Let’s start with two stories.
The first is well known: After Adolf Hitler gained power in 1933, he rearmed Germany, withdrew from the League of Nations, remilitarized the Rhineland (1936), fought a proxy war in Spain, annexed Austria (1938), annexed half of Czechoslovakia (1938), and invaded Poland (1939). At every step, European leaders assumed they could stop further aggression by placating him with concessions, most famously with the Munich Agreement. They were wrong. The lesson every leader has taken for the past 80 years is that appeasement never works and leaders must show strength to face down bullies.

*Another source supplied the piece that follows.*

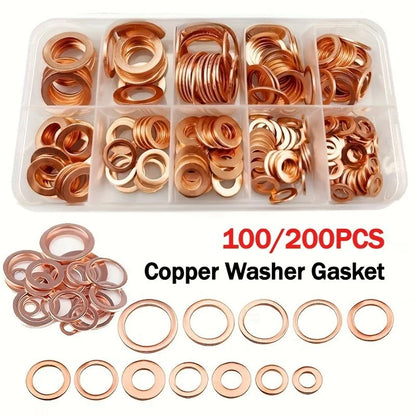 200/50PCS Copper Washer Gasket Nut and Bolt Set Flat Ring Seal Assortment Kit with Box //M8/M10/M12/M14 for Sump Plugs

The second story teaches the opposite lesson and is not as well-known. In 1898, the French government sent troops into the interior of Africa to the Upper Nile river basin. The theory: If the French controlled the Nile, they could choke out the British, monopolize North African trade, even control the Suez Canal and shut down Britain’s access to India. As goes the Nile, so goes the world, was the theory. British and French troops met and faced off at a remote African town of Fashoda for nearly two months. London and Paris prepared for war, believing the fate of global empire hung in the balance. Cooler heads realized how ridiculous it was to fight global war for a remote bit of African desert, and war was averted. The less-well-known lesson: Not every crisis is the Archimedean Point upon which world order revolves.
As Russian President Vladimir Putin masses troops on the Ukrainian border, American observers are asking a series of questions. Is this Munich, or is it Fashoda? Is this a moment to project strength and face down an international bully hellbent on territorial conquest? Or is this a peripheral dispute blown out of proportion to which the responsible answer is not a war cry, but a shrug? Should the United States throw down, draw a line in the steppe, and relive its glory days leading the free world against tyranny? Or are we at risk of getting dragged into yet another unnecessary quagmire?